What to do: Apart from the images, reproduce all of the data word for word.

Available data:
_ _ _

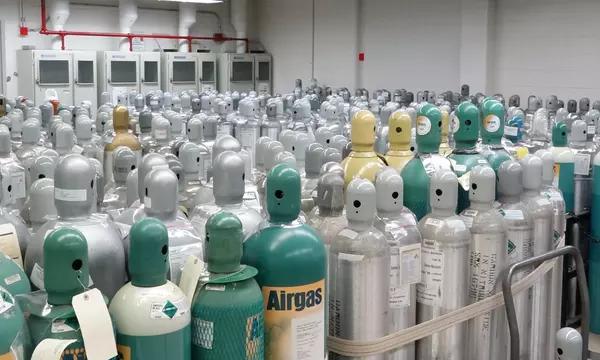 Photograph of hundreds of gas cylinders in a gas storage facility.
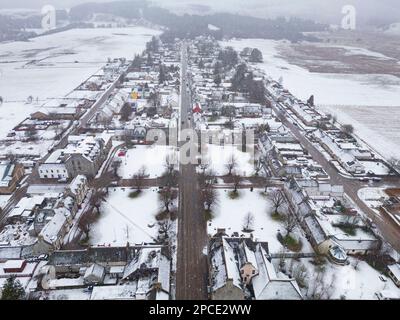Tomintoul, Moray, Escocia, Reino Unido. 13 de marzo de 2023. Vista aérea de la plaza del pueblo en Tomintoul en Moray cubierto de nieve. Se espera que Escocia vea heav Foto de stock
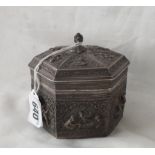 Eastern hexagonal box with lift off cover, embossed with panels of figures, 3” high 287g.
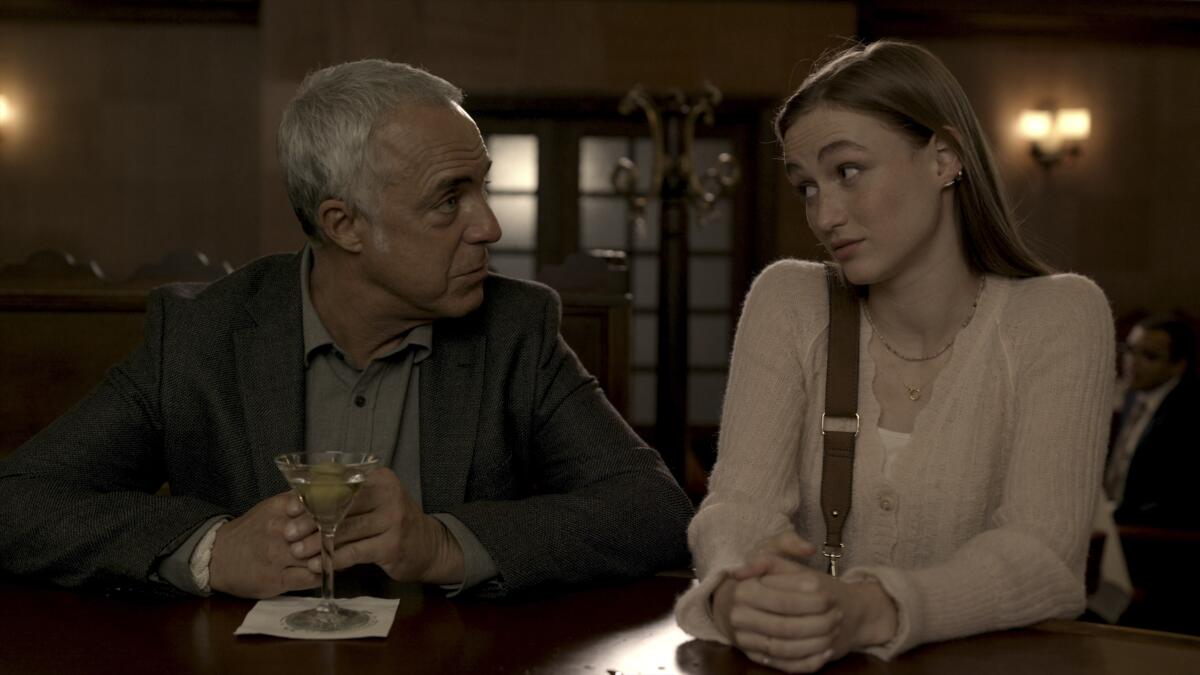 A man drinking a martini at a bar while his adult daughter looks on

_ _ _

Result:
 Photograph of hundreds of gas cylinders in a gas storage facility.
Tomintoul, Moray, Escocia, Reino Unido. 13 de marzo de 2023. Vista aérea de la plaza del pueblo en Tomintoul en Moray cubierto de nieve. Se espera que Escocia vea heav Foto de stock
 Eastern hexagonal box with lift off cover, embossed with panels of figures, 3” high 287g.
 A man drinking a martini at a bar while his adult daughter looks on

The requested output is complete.